Once layered, your wreath will look roughly like spruce woven into a circular pattern with a perfectly clockwise or anticlockwise weave of course. You'll have an annoyingly short length of twine left over, which the instructor will tell you to loop through the ring and tie off. You'll try this but it will be the fiddliest thing you've done since... well, trying to find the end of the gardening twine on the reel. As you shuffle the thing about, you'll dislodge all the bits of dried fruit that have been laid out for you, and watch as crusty old oranges and dried apple peel gets scattered.
At this point, your colleagues will pick up their exquisitely symmetrical wreaths and twirl them round their delicate hands, tightening their loops while you look on admiringly nursing your sore and bleeding fingers.
The instructor tells you to loop some stabwire around a pine cone.
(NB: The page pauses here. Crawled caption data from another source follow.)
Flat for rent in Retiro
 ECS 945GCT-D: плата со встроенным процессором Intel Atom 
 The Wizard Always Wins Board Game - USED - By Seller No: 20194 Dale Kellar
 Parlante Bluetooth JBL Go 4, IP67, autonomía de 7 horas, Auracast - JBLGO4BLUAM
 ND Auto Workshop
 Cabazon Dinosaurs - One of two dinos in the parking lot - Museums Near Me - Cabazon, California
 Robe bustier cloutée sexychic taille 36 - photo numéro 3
This strikes you as an unusual sentence but you go along with it. Your pine cones will be closed of course, so any attempts to do this, will result in pine cones flying off into the middle of the room.
"Oh by golly have a happy holiday this year!" warbles Michael Bublé from the stereo in the corner. You quietly wish him well as you pick them up.
When you've collected your cinnamon sticks, orange peel and pine cones from various points on the carpet, stab them through the middle and jab them into your wreath. (This activity will give you a kind of curious relief. Be careful not to make sound effects though. It will be tempting.)
The instructor will probably show you how to tie a lovely festive bow, once you're ready to attach it. He'll cut a length of glittery fabric and then, with all the competent fluency of a Blue Peter presenter, he will fold it like origami into the kind of Christmassy bow you'd see on a golden box in the window of Harrods.
Ignore this impossibly fluent demonstration. Yours will look like a bandage caught in the arms of a sagging fir tree. Take some more stabwire, wrap it round the damaged bow and then wedge the whole thing somewhere just beneath the tiny loop that you made earlier.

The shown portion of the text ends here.